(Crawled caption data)
****************************************

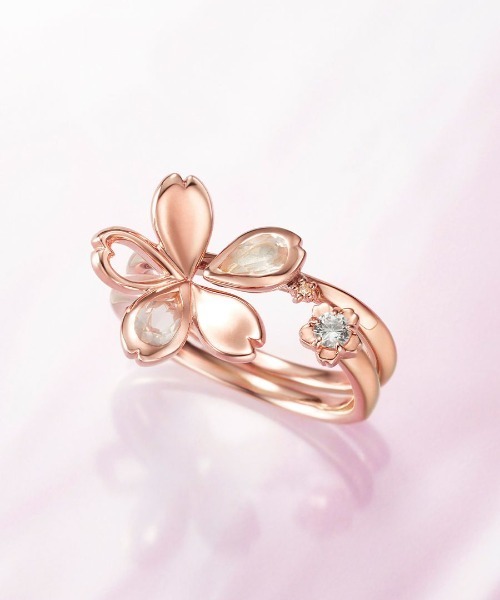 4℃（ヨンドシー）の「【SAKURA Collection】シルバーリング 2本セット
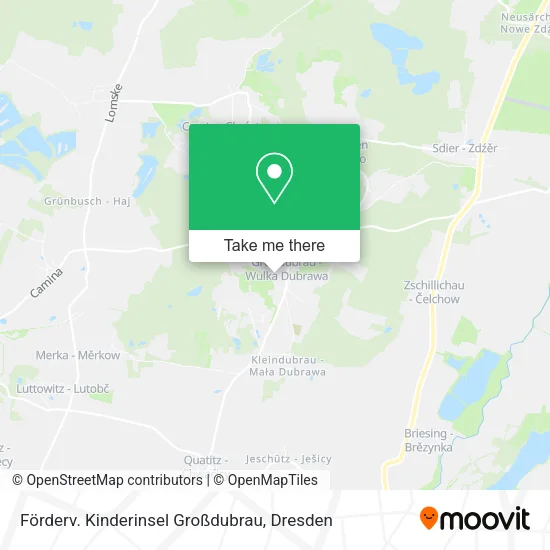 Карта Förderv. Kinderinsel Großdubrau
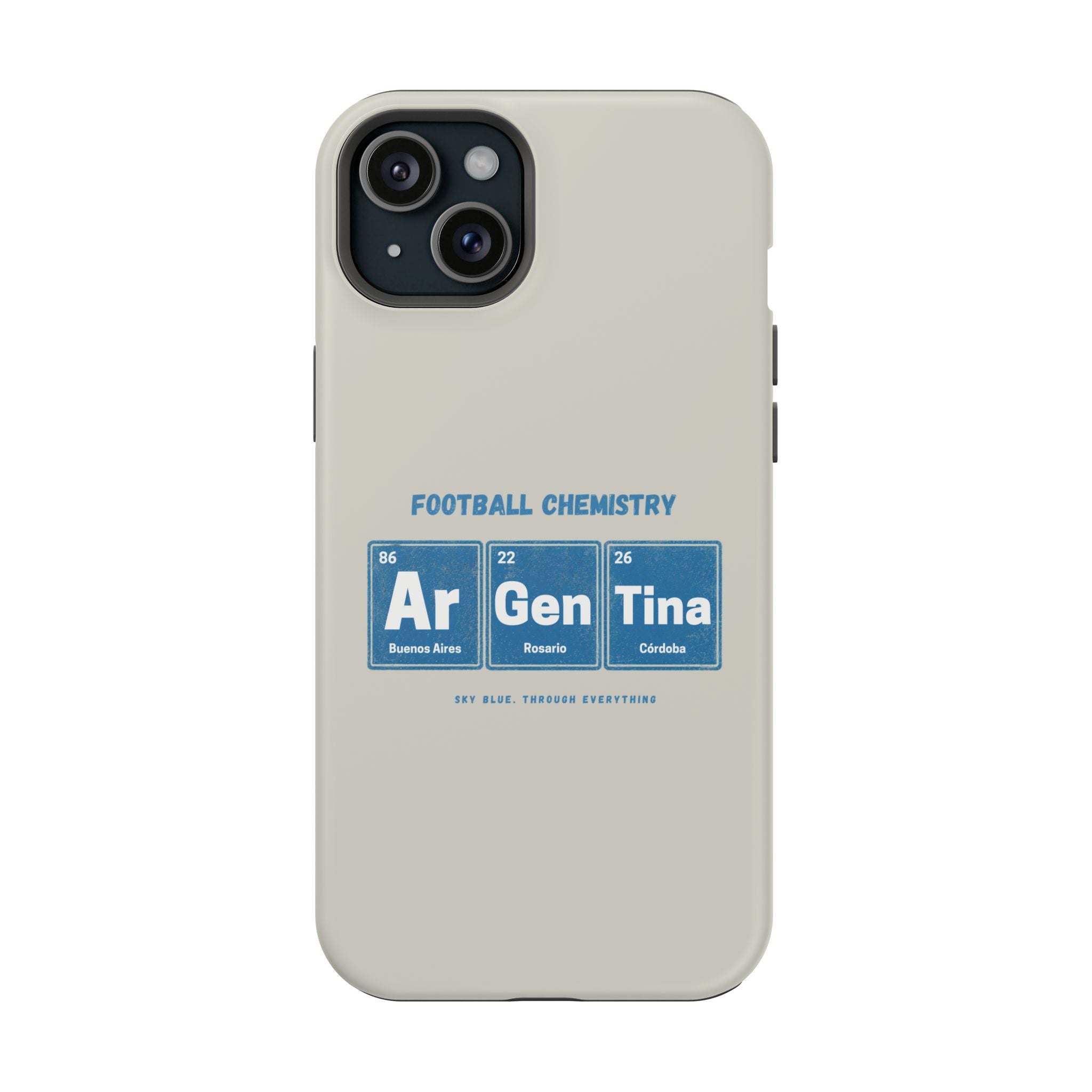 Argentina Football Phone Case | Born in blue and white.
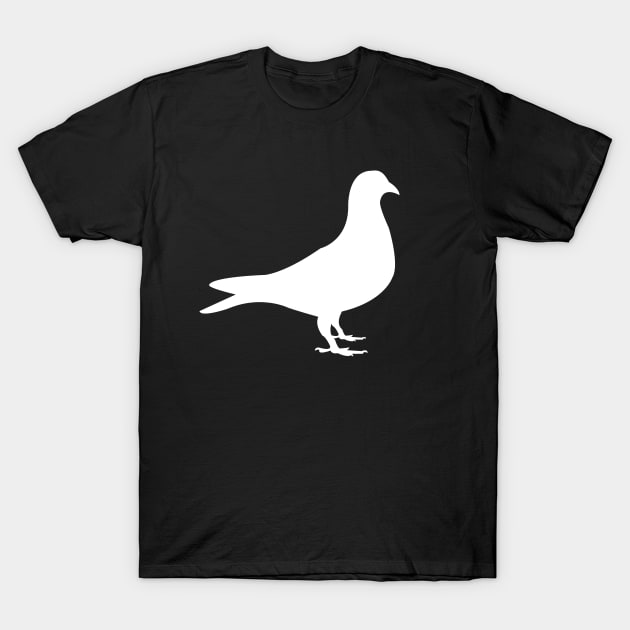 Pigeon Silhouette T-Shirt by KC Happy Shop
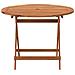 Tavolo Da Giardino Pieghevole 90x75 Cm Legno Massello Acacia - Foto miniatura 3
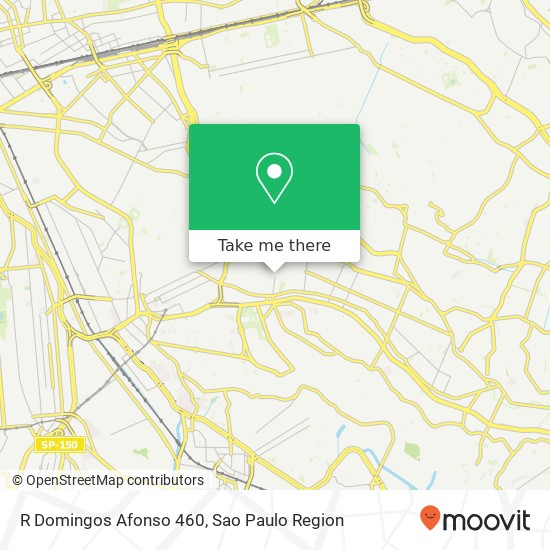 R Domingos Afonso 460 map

****************************************

# Task item
Pictures aside, give the data again exactly as it appears.

# Solution for this task
 4℃（ヨンドシー）の「【SAKURA Collection】シルバーリング 2本セット
 Карта Förderv. Kinderinsel Großdubrau
 Argentina Football Phone Case | Born in blue and white.
 Pigeon Silhouette T-Shirt by KC Happy Shop
 Tavolo Da Giardino Pieghevole 90x75 Cm Legno Massello Acacia - Foto miniatura 3
 R Domingos Afonso 460 map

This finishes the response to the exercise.